Balmary, Marie: El monje y la psicoanalista. Fragmenta Editorial, Barcelona, 2011. 184 páginas. Traducción de Julia Argemí. Comentario realizado por José María Fernández-Martos.
De entrada, vaya confesar que me gusta que este libro —él— «haya deseado» ser escrito. Digo que el libro haya deseado porque ha brotado del «hontanar del Deseo» previo a que Marie Balmary se pusiera a redactarlo. En realidad, El monje y la psicoanalista se tenía que escribir dada las incomodidades que Marie sentía dentro de sí misma. Me explico.
La autora buscó la verdad en el psicoanálisis y llegó a la penúltima estación en sus búsquedas. Su frustración fue creciendo a medida que iba conociendo las «penultimidades» del psicoanálisis a ella sedienta de las «ultimidades». Marie es la Ruth de nuestro relato.
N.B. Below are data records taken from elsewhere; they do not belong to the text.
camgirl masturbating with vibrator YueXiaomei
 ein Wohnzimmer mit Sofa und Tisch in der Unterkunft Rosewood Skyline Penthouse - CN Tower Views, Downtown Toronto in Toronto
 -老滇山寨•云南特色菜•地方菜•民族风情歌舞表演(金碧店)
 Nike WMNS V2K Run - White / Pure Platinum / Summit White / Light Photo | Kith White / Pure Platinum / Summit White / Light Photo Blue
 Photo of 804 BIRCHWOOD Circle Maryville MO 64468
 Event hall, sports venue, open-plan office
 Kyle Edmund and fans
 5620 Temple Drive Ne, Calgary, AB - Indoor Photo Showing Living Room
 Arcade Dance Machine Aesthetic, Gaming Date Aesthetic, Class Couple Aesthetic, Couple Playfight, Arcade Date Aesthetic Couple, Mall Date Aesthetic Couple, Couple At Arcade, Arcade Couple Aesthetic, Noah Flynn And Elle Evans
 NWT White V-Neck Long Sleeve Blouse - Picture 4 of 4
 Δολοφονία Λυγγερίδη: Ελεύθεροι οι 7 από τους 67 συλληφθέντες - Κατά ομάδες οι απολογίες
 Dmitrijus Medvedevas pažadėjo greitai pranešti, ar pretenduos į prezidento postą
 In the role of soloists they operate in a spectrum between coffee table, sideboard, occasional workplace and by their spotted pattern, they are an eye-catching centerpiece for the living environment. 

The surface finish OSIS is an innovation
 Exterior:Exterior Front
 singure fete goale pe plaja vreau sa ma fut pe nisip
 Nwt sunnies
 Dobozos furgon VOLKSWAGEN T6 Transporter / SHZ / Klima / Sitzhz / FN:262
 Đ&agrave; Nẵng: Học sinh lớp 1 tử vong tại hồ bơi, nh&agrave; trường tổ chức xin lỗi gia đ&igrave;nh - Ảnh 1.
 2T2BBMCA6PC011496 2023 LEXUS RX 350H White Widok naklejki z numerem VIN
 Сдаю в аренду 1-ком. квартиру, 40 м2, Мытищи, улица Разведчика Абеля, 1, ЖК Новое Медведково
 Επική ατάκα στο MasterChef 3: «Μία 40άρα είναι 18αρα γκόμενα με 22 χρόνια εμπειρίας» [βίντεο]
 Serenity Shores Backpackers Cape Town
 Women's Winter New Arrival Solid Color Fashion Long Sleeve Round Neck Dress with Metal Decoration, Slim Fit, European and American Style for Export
Ni el psicoanálisis, ni la experiencia monacal se pueden conformar con apariencias. Quieren acceder, los dos, desmontando máscaras, a la verdad última. El psicoanálisis se resignará antes a vivir con saberes penúltimos. El monje sabrá con Machado «que la sed que tiene no se la calma el beber»… Como Ruth.
Ni su familia, ni lo que es menos comprensible, sus colegas psicoanalistas le permitían decir a ella, enferma grave, palabras como: «Creo que me voy a morir». Lo de la familia no es reprochable, pero que sus preocupaciones sobre la muerte ¿no tuvieran sentido para sus colegas? Uno le contestó «con un juego de palabras, otro con una cita de Lacan». Marie se rebela contra el estoicismo de Freud y sus seguidores de que lo más digno es aceptar estoicamente que el hombre es tan solo un animal que «no tiene que vanagloriarse de ser algo más que un animal» y que debe aceptarlo y esperar sin quejarse esa nada, «cuya llegada habría incluso que acelerar si se demorara demasiado». Ruth (Marie) no podía contentarse con «esa miseria»: «el creer en el más allá no le parece más iluso que el no creer».